29 Er zal een lofzang bij ulieden zijn, gelijk in den nacht, wanneer het feest geheiligd wordt; en blijdschap des harten, gelijk van een, die met pijpen wandelt, om te komen tot den berg des HEEREN, tot den Rotssteen van Israel.
А у вас будут песни, как в ночь священного праздника, и веселие сердца, как у идущего со свирелью на гору Господню, к твердыне Израилевой.
30 En de HEERE zal Zijn heerlijke stem doen horen, en de nederlating Zijns arms doen zien, met grimmigheid van toorn, en een vlam van verterend vuur, stralen, en een vloed, en hagelstenen.
И возгремит Господь величественным гласом Своим и явит тяготеющую мышцу Свою в сильном гневе и в пламени поедающего огня, в буре и в наводнении и в каменном граде.
31 Want door de stem des HEEREN zal Assur te morzel geslagen worden, die met de roede sloeg.
Ибо от гласа Господа содрогнется Ассур, жезлом поражаемый.
32 En alwaar die gegrondveste staf doorgegaan zal zijn (op welken de HEERE dien zal hebben doen rusten), daar zal men met trommelen en harpen zijn; want met bewegende bestrijdingen zal Hij tegen hen strijden.

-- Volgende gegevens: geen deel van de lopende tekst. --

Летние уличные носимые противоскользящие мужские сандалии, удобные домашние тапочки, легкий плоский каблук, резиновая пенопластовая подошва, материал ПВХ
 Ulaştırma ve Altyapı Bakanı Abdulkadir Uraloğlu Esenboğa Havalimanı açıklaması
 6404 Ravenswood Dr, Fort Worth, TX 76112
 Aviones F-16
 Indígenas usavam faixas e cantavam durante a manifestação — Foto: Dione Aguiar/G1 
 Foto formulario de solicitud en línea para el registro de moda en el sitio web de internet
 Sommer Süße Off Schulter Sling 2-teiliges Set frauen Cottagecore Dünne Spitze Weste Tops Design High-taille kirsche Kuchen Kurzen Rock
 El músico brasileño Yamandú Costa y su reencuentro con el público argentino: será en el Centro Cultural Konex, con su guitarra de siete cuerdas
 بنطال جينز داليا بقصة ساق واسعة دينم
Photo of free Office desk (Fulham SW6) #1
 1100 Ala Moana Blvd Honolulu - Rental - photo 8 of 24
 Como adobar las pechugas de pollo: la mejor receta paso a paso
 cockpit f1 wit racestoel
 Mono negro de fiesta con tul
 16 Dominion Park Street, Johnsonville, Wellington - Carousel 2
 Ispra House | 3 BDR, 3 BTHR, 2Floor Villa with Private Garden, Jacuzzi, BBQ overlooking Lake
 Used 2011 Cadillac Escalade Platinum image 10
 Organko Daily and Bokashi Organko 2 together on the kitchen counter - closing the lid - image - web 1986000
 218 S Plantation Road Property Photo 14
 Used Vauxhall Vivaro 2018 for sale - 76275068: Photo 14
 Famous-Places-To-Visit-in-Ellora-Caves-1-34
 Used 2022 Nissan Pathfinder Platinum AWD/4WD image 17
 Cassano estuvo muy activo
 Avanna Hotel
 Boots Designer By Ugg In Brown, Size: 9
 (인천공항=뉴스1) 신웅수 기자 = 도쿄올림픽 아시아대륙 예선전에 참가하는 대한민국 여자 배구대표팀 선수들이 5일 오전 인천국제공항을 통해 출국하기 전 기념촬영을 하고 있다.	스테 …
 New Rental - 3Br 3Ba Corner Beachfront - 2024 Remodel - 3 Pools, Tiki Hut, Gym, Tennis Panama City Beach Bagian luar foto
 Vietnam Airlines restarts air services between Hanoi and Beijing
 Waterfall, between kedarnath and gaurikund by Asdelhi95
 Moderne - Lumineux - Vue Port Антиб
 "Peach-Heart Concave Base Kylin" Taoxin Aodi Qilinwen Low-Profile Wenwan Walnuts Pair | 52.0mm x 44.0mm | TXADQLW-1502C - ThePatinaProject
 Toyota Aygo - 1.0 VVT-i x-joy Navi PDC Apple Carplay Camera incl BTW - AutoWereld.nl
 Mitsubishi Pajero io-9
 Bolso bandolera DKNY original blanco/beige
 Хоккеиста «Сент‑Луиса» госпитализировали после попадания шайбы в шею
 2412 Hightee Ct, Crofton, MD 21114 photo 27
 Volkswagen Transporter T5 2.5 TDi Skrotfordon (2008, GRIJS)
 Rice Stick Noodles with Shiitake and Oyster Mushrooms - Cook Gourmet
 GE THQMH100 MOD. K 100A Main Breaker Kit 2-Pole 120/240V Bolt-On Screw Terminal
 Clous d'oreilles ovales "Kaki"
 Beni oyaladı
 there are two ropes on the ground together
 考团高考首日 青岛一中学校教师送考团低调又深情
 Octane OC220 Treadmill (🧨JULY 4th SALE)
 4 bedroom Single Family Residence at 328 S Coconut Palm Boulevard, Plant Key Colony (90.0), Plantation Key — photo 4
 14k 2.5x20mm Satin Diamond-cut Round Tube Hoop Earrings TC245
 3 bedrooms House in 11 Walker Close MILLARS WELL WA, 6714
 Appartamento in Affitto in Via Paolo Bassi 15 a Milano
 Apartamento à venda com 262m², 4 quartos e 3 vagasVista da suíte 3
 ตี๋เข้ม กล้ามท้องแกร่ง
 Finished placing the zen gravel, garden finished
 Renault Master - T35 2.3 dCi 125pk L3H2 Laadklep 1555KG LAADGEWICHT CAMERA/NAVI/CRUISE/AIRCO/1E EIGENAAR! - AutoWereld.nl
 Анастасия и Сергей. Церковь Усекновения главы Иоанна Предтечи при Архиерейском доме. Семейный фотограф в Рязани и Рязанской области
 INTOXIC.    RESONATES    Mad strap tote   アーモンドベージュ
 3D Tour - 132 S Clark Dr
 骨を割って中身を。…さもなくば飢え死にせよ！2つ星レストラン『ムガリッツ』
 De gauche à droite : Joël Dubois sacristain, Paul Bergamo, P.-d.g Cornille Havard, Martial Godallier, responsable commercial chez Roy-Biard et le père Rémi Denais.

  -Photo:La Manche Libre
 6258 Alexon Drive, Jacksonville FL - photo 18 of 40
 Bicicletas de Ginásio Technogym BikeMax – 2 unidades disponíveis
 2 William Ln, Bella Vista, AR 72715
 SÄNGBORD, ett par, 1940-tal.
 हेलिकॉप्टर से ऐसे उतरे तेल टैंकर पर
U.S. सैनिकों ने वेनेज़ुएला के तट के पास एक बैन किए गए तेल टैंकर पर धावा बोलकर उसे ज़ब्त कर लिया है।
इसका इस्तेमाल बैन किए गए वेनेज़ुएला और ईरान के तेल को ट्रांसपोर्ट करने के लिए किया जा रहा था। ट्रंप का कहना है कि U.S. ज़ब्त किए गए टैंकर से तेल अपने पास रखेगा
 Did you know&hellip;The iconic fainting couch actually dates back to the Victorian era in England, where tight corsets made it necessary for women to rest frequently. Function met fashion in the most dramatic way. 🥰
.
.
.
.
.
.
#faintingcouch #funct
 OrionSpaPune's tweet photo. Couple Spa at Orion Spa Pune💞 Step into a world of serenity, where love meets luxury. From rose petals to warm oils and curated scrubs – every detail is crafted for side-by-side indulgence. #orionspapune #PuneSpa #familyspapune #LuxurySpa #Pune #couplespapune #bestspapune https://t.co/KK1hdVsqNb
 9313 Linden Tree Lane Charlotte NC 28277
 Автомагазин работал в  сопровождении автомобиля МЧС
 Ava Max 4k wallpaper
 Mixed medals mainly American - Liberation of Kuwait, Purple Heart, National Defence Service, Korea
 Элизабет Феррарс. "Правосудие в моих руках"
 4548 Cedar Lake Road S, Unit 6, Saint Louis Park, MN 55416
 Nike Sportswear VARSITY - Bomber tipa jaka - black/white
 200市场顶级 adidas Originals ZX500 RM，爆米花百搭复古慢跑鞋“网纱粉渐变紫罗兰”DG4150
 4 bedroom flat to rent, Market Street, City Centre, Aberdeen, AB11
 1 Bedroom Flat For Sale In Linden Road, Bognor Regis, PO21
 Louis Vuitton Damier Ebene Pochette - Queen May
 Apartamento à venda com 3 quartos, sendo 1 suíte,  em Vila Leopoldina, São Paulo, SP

И всякое движение определенного ему жезла, который Господь направит на него, будет с тимпанами и цитрами, и Он пойдет против него войною опустошительною.
33 Want Tofeth is van gisteren bereid; ja, hij is ook voor den koning bereid; Hij heeft hem diep en wijd gemaakt, het vuur en hout van zijn brandstapel is veel; de adem des HEEREN zal hem aansteken als een zwavelstroom.
Ибо Тофет давно уже устроен; он приготовлен и для царя, глубок и широк; в костре его много огня и дров; дуновение Господа, как поток серы, зажжет его.